Getting started: Linear ODE inversion

In this example, we will use SimulationBasedInference in combination with the OrdinaryDiffEq package to recover the true parameter of a simple linear ordinary differential equation:

\[\frac{\partial u}{\partial t} = -\alpha u\]

Of course, this ODE has an analytical solution: $u(t) = u_0 e^{-\alpha t}$ which we could (more efficiently) use to define the inverse problem. However, in order to demonstrate the usage of SimulationBasedInference on dynamical systems more broadly, we will solve the problem using numerical methods.

Precompiling project...
  ✓ Unitful → InverseFunctionsUnitfulExt
  ✓ ComponentArrays → ComponentArraysGPUArraysExt
  ✓ Accessors → AccessorsUnitfulExt
  ✓ Interpolations → InterpolationsUnitfulExt
  4 dependencies successfully precompiled in 3 seconds. 474 already precompiled.

First, we load the necessary packages

using SimulationBasedInference
using OrdinaryDiffEq
using Plots, StatsPlots
import Random

extensions

using DynamicHMC

and then initialize a random number generator for reproducibility.

const rng = Random.MersenneTwister(1234);

Now, we will define our simple dynamical system using the general SciML problem interface:

ode_func(u,p,t) = -p[1]*u;
α_true = 0.2
ode_p = [α_true];
tspan = (0.0,10.0);
odeprob = ODEProblem(ode_func, [1.0], tspan, ode_p)
ODEProblem with uType Vector{Float64} and tType Float64. In-place: false
timespan: (0.0, 10.0)
u0: 1-element Vector{Float64}:
 1.0

To solve an inverse (or inference) problem with SimulationBasedInference, we must first define a forward problem. The forward problem consists of two components:

  1. A SciML problem type or forward map function $f: \Theta \mapsto \mathcal{U}$.
  2. One or more "observables" which define the observation operator that transforms the model state to

to something comparable to data.

In this case, we can simply define a function that extracts the current state from the ODE integrator. The SimulatorObservable(name, func, t0, tsave, coords) additionally takes an initial time point, a vector of observed time points, and a tuple specifying the shape or coordiantes of the observable at each time point. Here, (1,) indicates that the state is a one-dimensional vector.

dt = 0.2
tsave = tspan[begin]+dt:dt:tspan[end];
n_obs = length(tsave);
observable = ODEObservable(:y, odeprob, tsave, samplerate=0.01);
forward_prob = SimulatorForwardProblem(odeprob, observable)
SimulatorForwardProblem (ODEProblem) with 1 observables (:y,)

In order to set up our synthetic example, we need some data to condition on.
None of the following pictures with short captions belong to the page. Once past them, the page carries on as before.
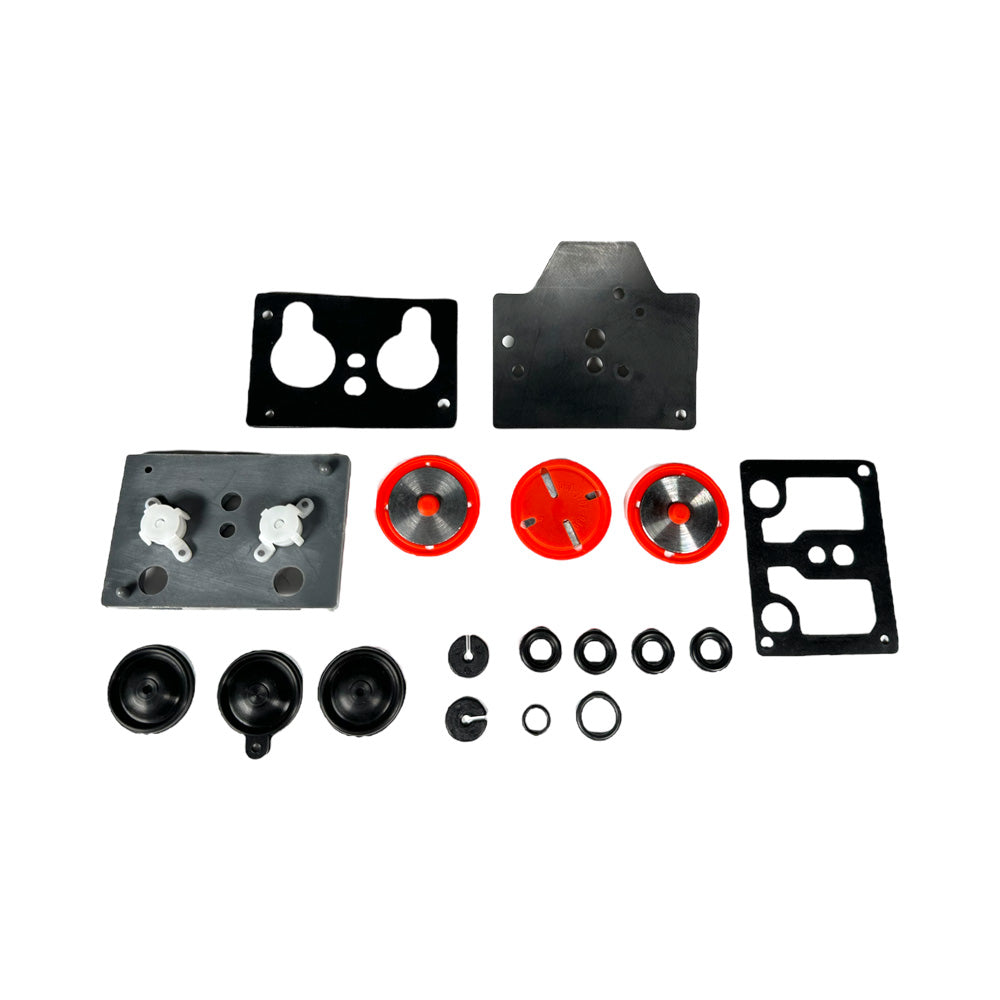Großes Stimopuls Reparatur-Kit, passend für GEA/Westfalia 7051-9905-000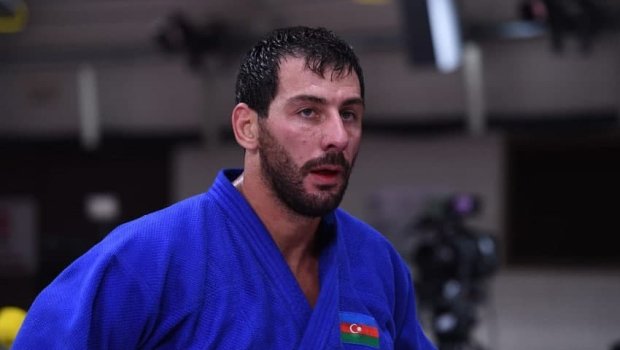Azərbaycanın daha bir cüdoçusu Tokio-2020-də medalsız qaldı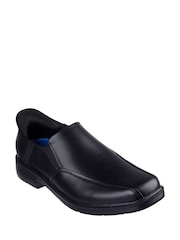 Skechers Black Caswell Frantone Shoes - Image 3 of 5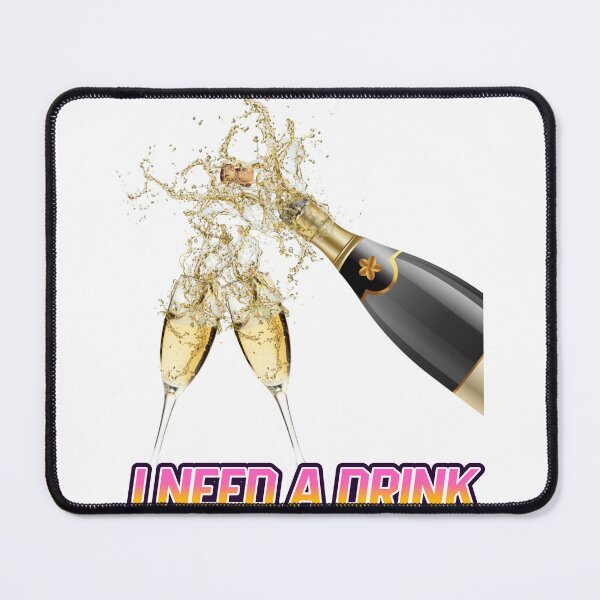 Item preview, I NEED BUBBLES designed and sold by CNUTStreetWear.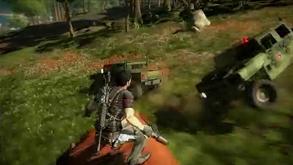Just Cause 2 screenshot thumbnail video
For this example, we will generate the data by running the forward model and adding Gaussian noise.

ode_solver = Tsit5()
forward_sol = solve(forward_prob, ode_solver);
true_obs = get_observable(forward_sol, :y)
noise_scale = 0.05
noisy_obs = true_obs .+ noise_scale*randn(rng, n_obs);

Plot the resulting pseudo-observations vs. the ground truth.

plot(true_obs, label="True solution", linewidth=3, color=:black)
plt = scatter!(tsave, noisy_obs, label="Noisy observations", alpha=0.5)

Here we set our priors. We use a weakly informative Beta(2,2) prior which places less probability mass at the extreme values near zero and one. We could also use a flat prior Beta(1,1) if we wanted to be maximally indifferent to which parameters are most likely.

model_prior = prior(α=Beta(2,2));
noise_scale_prior = prior(σ=Exponential(0.1));
p1 = Plots.plot(model_prior.dist.α)
p2 = Plots.plot(noise_scale_prior.dist.σ)
plt = Plots.plot(p1, p2)

Now we assign a simple Gaussian likelihood for the observation/noise model.

lik = IsotropicGaussianLikelihood(observable, noisy_obs, noise_scale_prior);

We now have all of the ingredients needed to set up and solve the inference problem. We will start with a simple ensemble importance sampling inference algorithm.

inference_prob = SimulatorInferenceProblem(forward_prob, ode_solver, model_prior, lik);
enis_sol = solve(inference_prob, EnIS(), ensemble_size=128, rng=rng);

We can extract the prior ensemble from the solution.

prior_ens = get_transformed_ensemble(enis_sol)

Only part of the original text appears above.